Il paradosso amministrativo aggrava ulteriormente la percezione di inefficienza gestionale: mentre gli studenti restano a casa, spazi moderni e sicuri rimangono inaccessibili.
L’assessora all’Istruzione del Comune di Napoli, Maura Striano, ha confermato che un primo intervento tecnico sui servizi igienici del vecchio plesso è stato completato, ma sono emerse nuove criticità idrauliche che prolungano l’inagibilità. L’amministrazione comunale sta valutando l’apertura temporanea del plesso ristrutturato come soluzione-ponte per garantire la continuità didattica.
Si tratta di un’ipotesi concreta, sebbene non ancora formalizzata, che potrebbe consentire il rientro immediato degli alunni.
La contraddizione tra retorica degli investimenti e realtà operativa alimenta la frustrazione di famiglie e docenti, che vedono nel mancato utilizzo della struttura rinnovata un’occasione sprecata per salvaguardare il diritto allo studio in un territorio già fragile.
L’appello dei docenti al ministro Valditara e i risultati ottenuti
Il corpo docente ha formalizzato la propria posizione in una lettera indirizzata al Ministro dell’Istruzione e del Merito, Giuseppe Valditara, che definiscono esplicitamente un “appello pubblico” e non una semplice segnalazione amministrativa.
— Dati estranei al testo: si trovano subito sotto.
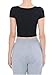 Basic Solid Scoop Neck Slim Fit Short Sleeves Crop Tops Black S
Nel testo gli insegnanti richiamano la funzione della scuola come presenza stabile dello Stato nei quartieri a rischio di marginalità sociale, sottolineando come l’istituto rappresenti un presidio educativo insostituibile.
Nel triennio precedente, la comunità educante ha conseguito risultati quantificabili di rilievo: azzeramento completo della dispersione scolastica, costruzione di un modello didattico inclusivo e piena integrazione degli alunni con disabilità. Questi indicatori rappresentano la risposta concreta a un contesto territoriale difficile e dimostrano l’efficacia dell’intervento pedagogico nel tempo.
Il rischio, avvertono i docenti, è che la chiusura prolungata vanifichi questi esiti e comprometta la fiducia delle famiglie proprio dove il presidio scolastico svolge una missione di coesione sociale.
Le ricadute su studenti e territorio e le prossime mosse del Comune
L’interruzione prolungata rischia di compromettere i progressi educativi conquistati e di indebolire il presidio sociale garantito dalla scuola in un’area a forte fragilità. I docenti sottolineano come il protrarsi della chiusura possa alimentare fenomeni di abbandono e vanificare il modello inclusivo costruito negli ultimi tre anni.
L’amministrazione comunale sta valutando l’apertura temporanea del plesso ristrutturato come soluzione-ponte per ripristinare le lezioni, mentre proseguono i lavori nella sede storica. La priorità resta assicurare continuità didattica e tutelare il diritto allo studio degli alunni.